Nicht jedes Stück ist optimal tanzbar
Etwas, das jedoch nicht betrübt. Schließlich umspült der charakteristische Sound der Band aus Tucson-Arizona die Ohren. Vor allem freilich sind es die kraftvoll schmetternden Mariachi-Trompeten von Jacob Valenzuela und Martin Wenk, welche, wie bei „Across The Wire“, die ausgefeilten Arrangements bereichern. Stilistisch bewegen sich Calexico weiterhin zwischen Indie-Rock, Country, Folk, Jazz, Tex-Mex, Latin, Psychedelic und Pop. Zu manchen ihrer Lieder kann man sogar Tango, Cha-Cha-Cha oder Rumba tanzen. Hier und dort sieht man Paare, die genau dies tun. Mitunter vermögen allzu komplizierte Rhythmen jedoch nicht, ungeübte Tänzer zu Bewegungen anzuregen. Beim spanischsprachigen „Cumbia De Donde“ ist dies freilich anders. In der Tat würde sich das sonnige Stück sogar für den Einsatz im Karneval eignen. Fast noch mehr freut es, das betage Stück „Victor Jara‘s Hands“ zu hören. Auch weil dabei deutlich wird, in welch erfrischender Weise Calexico ihre Kompositionen weiterentwickeln. Ohnehin klang diese Band live schon immer besser als aus der Konserve.

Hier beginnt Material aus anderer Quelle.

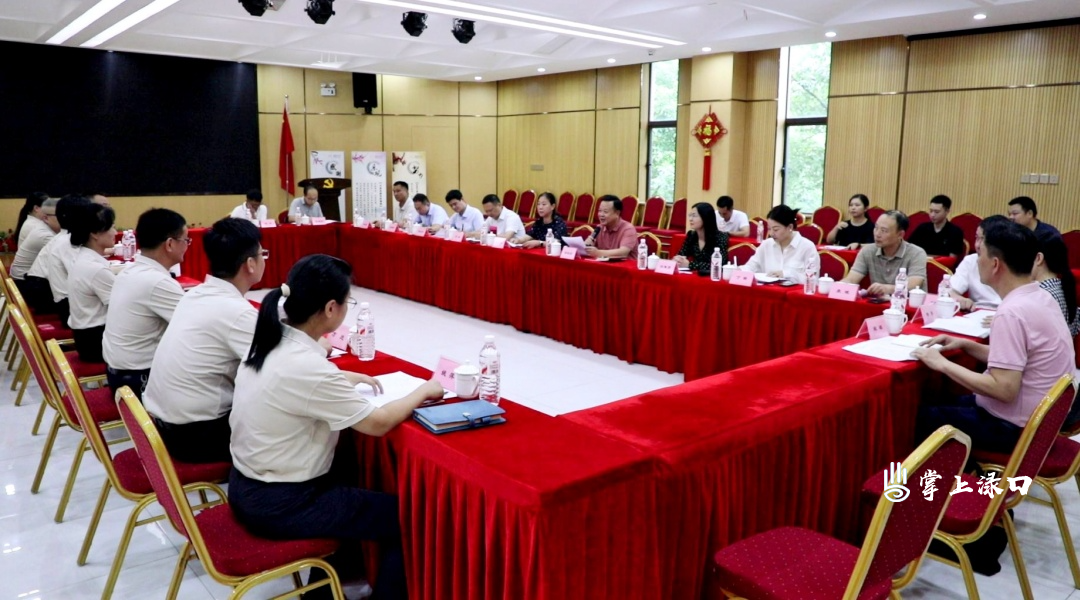 李晓彤到株洲钻石人力资源管理服务有限公司调研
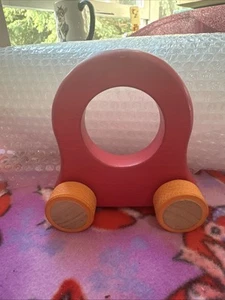 Manhattan Toy Giggle Wooden Car - Picture 1 of 6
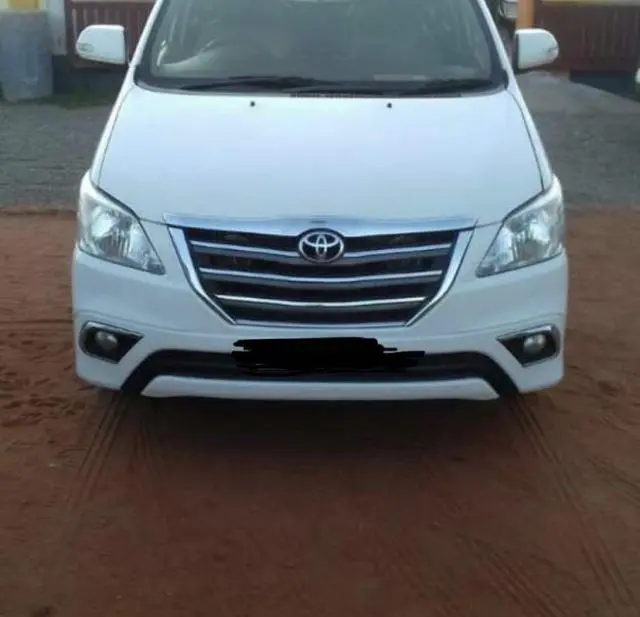 Toyota Innova 2.5 ZX 7 STR BS IV 2015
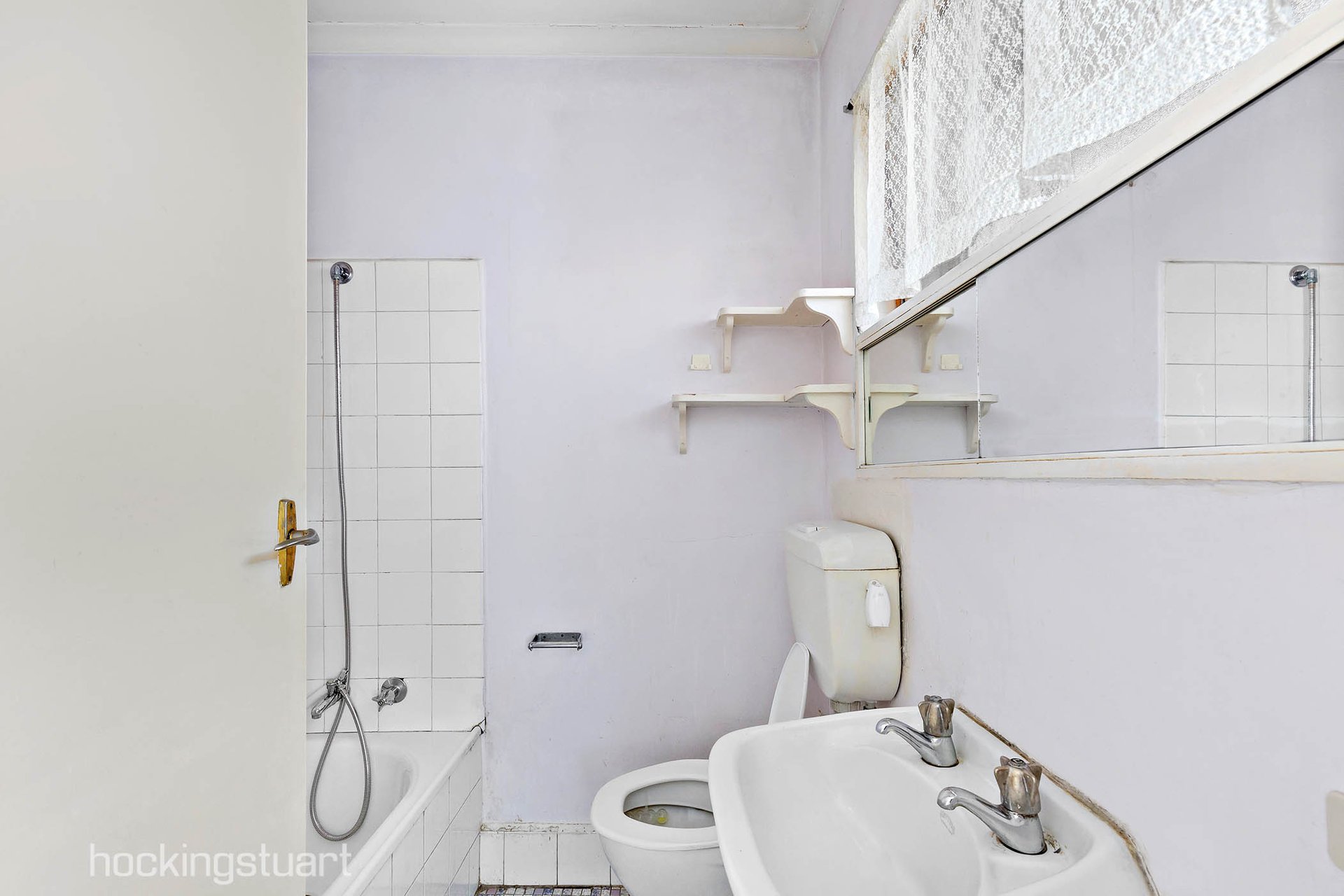 Property Gallery Thumbnail 6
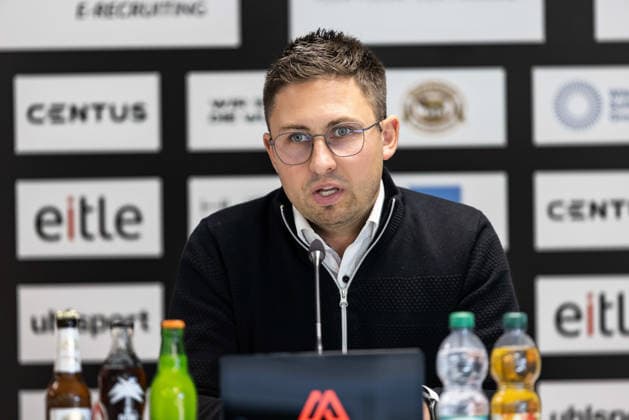 PK Pressekonferenz SSV Ulm 1846 Fußball Vorstellung Alois Schwartz , Fussball, Regionalliga Südwest, Donaustadion Ulm 06.10.26 Freisteller Einzelbild Portrait Porträt Max Rieck (SSV Ulm 1846 Fußball, SSV-Mitarbeiter Pressesprecher und Leiter Geschäftsstelle) PK Pressekonferenz SSV Ulm 1846 Fußball Vorstellung Alois Schwartz , Fussball, Regionalliga Südwest, Donaustadion Ulm 06.10.26 Foto: Lucca Fundel Ulm Donaustadion Baden-Württemberg Deutschland
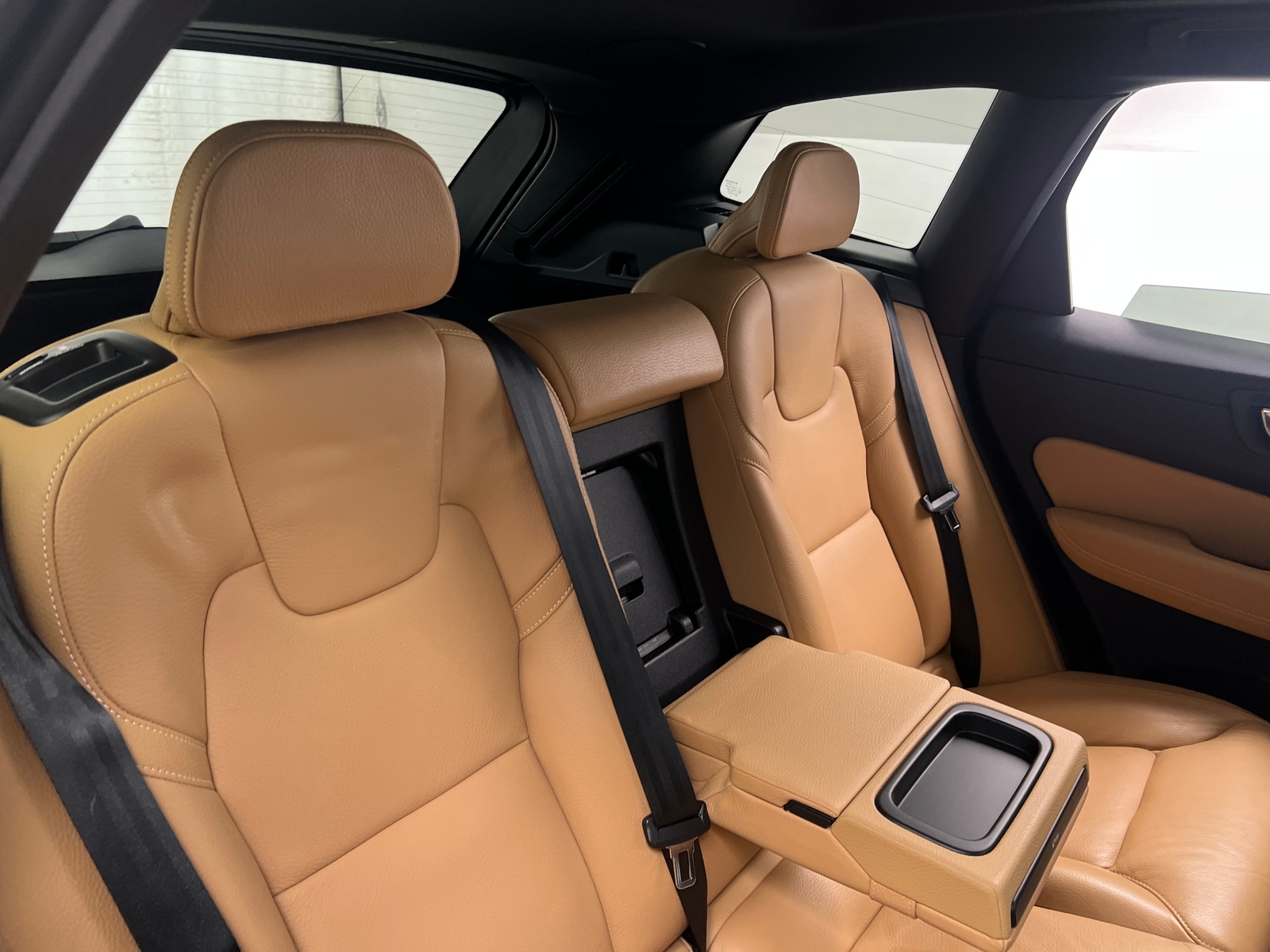 Thumbnail: 2020 Volvo XC60 - 5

Anspruchsvolle Kompositionen
Und so werden die Musiker um Joey Burns und John Convertino wohl auch niemals müde werden, ihre Version von „Alone Again, Or“, das im Original von der Band Love stammt, zu spielen. Langweilig gerät dies nämlich nicht. Ebenso wenig wie es „Crystal Frontier“, der größte Hit von Calexico tut, nachdem sich Joey Burns mit den Worten „Vielen Dank für eine großartige Nacht“ bei den begeisterten Fans bedankt. Aber natürlich kehren die Musiker nach lauten Jubelrufen und tosenden Beifall noch einmal auf die Bühne zurück, um mit „Music Box“, „Another Space“, „Learning To Fly“ und „Güero Canelo“ ihre Zugaben zu spielen. Dabei wird bei „Learning To Fly“, dem einstigen Hit von Tom Petty and the Heartbrakers, klar, wie anspruchsvoll im Vergleich die Kompositionen und Arrangements von Calexico sind.